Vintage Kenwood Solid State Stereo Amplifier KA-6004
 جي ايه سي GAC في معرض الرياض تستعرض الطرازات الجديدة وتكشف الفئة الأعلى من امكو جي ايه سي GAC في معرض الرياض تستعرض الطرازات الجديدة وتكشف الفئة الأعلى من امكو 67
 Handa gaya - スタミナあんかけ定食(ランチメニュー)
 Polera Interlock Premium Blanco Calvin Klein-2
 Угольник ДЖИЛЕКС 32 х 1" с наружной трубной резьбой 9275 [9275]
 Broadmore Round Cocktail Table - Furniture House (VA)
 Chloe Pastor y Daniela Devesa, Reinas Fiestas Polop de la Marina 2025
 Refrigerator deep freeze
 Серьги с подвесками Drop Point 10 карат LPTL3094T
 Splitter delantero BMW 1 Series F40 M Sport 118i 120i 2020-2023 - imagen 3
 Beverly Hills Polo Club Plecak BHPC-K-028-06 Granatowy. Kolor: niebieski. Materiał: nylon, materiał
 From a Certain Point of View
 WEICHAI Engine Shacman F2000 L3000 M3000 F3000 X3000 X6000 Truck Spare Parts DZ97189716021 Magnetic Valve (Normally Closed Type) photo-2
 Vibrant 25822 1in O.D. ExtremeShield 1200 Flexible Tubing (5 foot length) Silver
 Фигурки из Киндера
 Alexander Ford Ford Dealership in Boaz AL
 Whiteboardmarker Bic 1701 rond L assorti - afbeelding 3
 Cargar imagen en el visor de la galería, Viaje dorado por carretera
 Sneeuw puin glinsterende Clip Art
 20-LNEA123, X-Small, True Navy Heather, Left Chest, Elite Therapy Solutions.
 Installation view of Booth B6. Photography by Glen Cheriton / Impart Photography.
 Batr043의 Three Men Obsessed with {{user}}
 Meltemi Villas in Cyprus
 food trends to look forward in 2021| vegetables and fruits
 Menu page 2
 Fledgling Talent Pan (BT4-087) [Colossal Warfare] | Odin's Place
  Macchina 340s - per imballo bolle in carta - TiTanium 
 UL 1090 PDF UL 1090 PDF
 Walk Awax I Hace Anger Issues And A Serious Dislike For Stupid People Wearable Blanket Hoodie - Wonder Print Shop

Task objective =
Could you copy the listing above word for word?

Solution to this problem =
Vintage Kenwood Solid State Stereo Amplifier KA-6004
 جي ايه سي GAC في معرض الرياض تستعرض الطرازات الجديدة وتكشف الفئة الأعلى من امكو جي ايه سي GAC في معرض الرياض تستعرض الطرازات الجديدة وتكشف الفئة الأعلى من امكو 67
 Handa gaya - スタミナあんかけ定食(ランチメニュー)
 Polera Interlock Premium Blanco Calvin Klein-2
 Угольник ДЖИЛЕКС 32 х 1" с наружной трубной резьбой 9275 [9275]
 Broadmore Round Cocktail Table - Furniture House (VA)
 Chloe Pastor y Daniela Devesa, Reinas Fiestas Polop de la Marina 2025
 Refrigerator deep freeze
 Серьги с подвесками Drop Point 10 карат LPTL3094T
 Splitter delantero BMW 1 Series F40 M Sport 118i 120i 2020-2023 - imagen 3
 Beverly Hills Polo Club Plecak BHPC-K-028-06 Granatowy. Kolor: niebieski. Materiał: nylon, materiał
 From a Certain Point of View
 WEICHAI Engine Shacman F2000 L3000 M3000 F3000 X3000 X6000 Truck Spare Parts DZ97189716021 Magnetic Valve (Normally Closed Type) photo-2
 Vibrant 25822 1in O.D. ExtremeShield 1200 Flexible Tubing (5 foot length) Silver
 Фигурки из Киндера
 Alexander Ford Ford Dealership in Boaz AL
 Whiteboardmarker Bic 1701 rond L assorti - afbeelding 3
 Cargar imagen en el visor de la galería, Viaje dorado por carretera
 Sneeuw puin glinsterende Clip Art
 20-LNEA123, X-Small, True Navy Heather, Left Chest, Elite Therapy Solutions.
 Installation view of Booth B6. Photography by Glen Cheriton / Impart Photography.
 Batr043의 Three Men Obsessed with {{user}}
 Meltemi Villas in Cyprus
 food trends to look forward in 2021| vegetables and fruits
 Menu page 2
 Fledgling Talent Pan (BT4-087) [Colossal Warfare] | Odin's Place
  Macchina 340s - per imballo bolle in carta - TiTanium 
 UL 1090 PDF UL 1090 PDF
 Walk Awax I Hace Anger Issues And A Serious Dislike For Stupid People Wearable Blanket Hoodie - Wonder Print Shop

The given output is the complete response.